Exercise brief
Your job is to set down the stretch of entries that opens with the line containing "5. Visual Thinking" and closes with the line containing "8月中国非制造业商务活动指数为53.4% 环比降1.1%". Keep both end lines, copy each exactly, and add nothing.
[Supplied entries Boundary: Start]
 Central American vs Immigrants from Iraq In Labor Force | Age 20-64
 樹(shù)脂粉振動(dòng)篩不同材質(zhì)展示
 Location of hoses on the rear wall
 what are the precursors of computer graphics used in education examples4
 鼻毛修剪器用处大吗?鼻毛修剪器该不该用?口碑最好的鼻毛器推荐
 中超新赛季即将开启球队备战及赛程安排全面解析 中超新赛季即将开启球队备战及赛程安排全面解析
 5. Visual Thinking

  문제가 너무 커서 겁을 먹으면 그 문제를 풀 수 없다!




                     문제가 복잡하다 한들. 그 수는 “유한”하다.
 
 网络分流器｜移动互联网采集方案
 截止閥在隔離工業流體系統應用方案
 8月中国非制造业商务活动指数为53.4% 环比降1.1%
[Supplied entries Boundary: End]
[Supplied entries Boundary: Start]
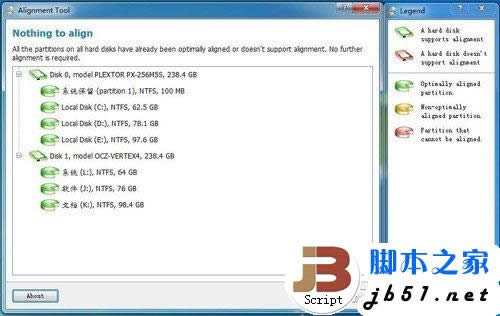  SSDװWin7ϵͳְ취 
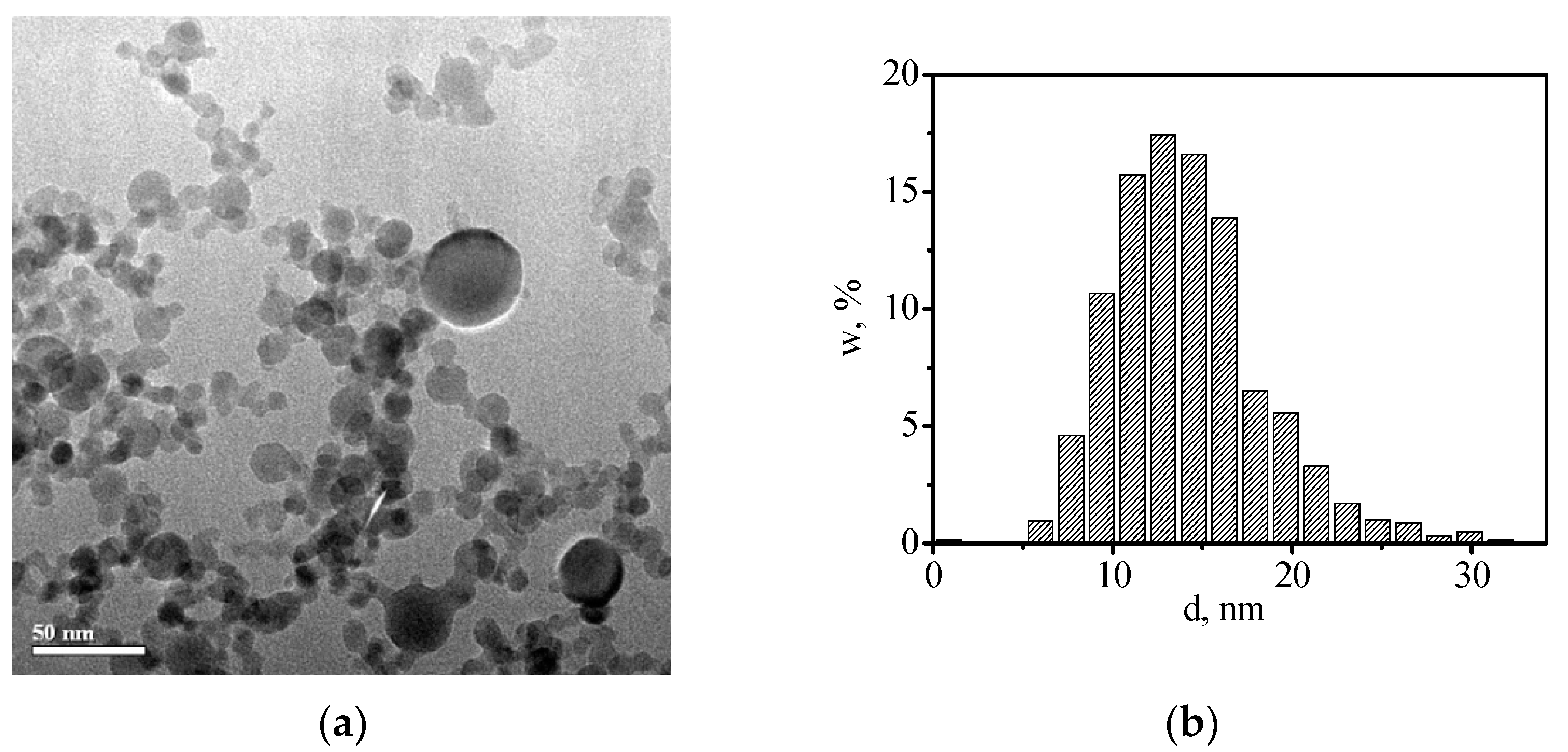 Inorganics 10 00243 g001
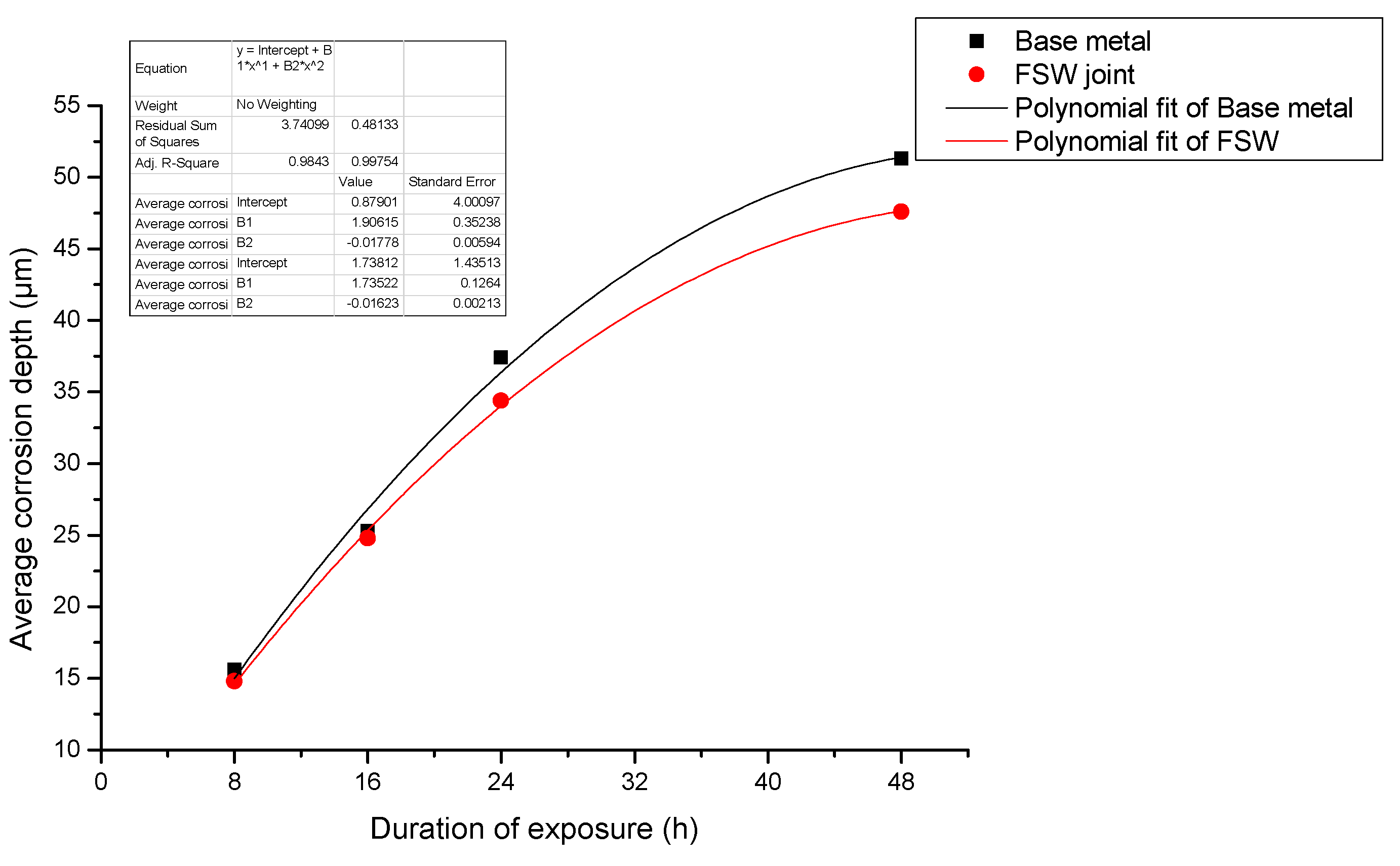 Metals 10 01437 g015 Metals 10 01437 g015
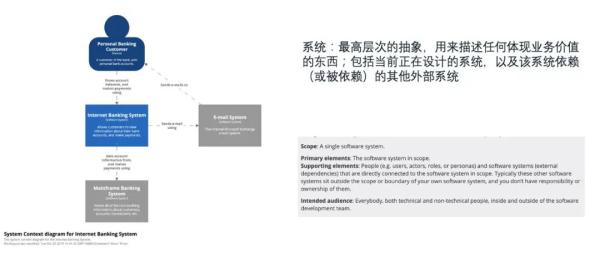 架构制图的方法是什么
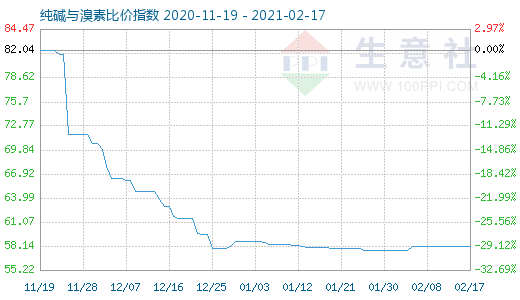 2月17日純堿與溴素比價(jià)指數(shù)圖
[Supplied entries Boundary: End]
Solution below
 5. Visual Thinking

  문제가 너무 커서 겁을 먹으면 그 문제를 풀 수 없다!




                     문제가 복잡하다 한들. 그 수는 “유한”하다.
 
 网络分流器｜移动互联网采集方案
 截止閥在隔離工業流體系統應用方案
 8月中国非制造业商务活动指数为53.4% 环比降1.1%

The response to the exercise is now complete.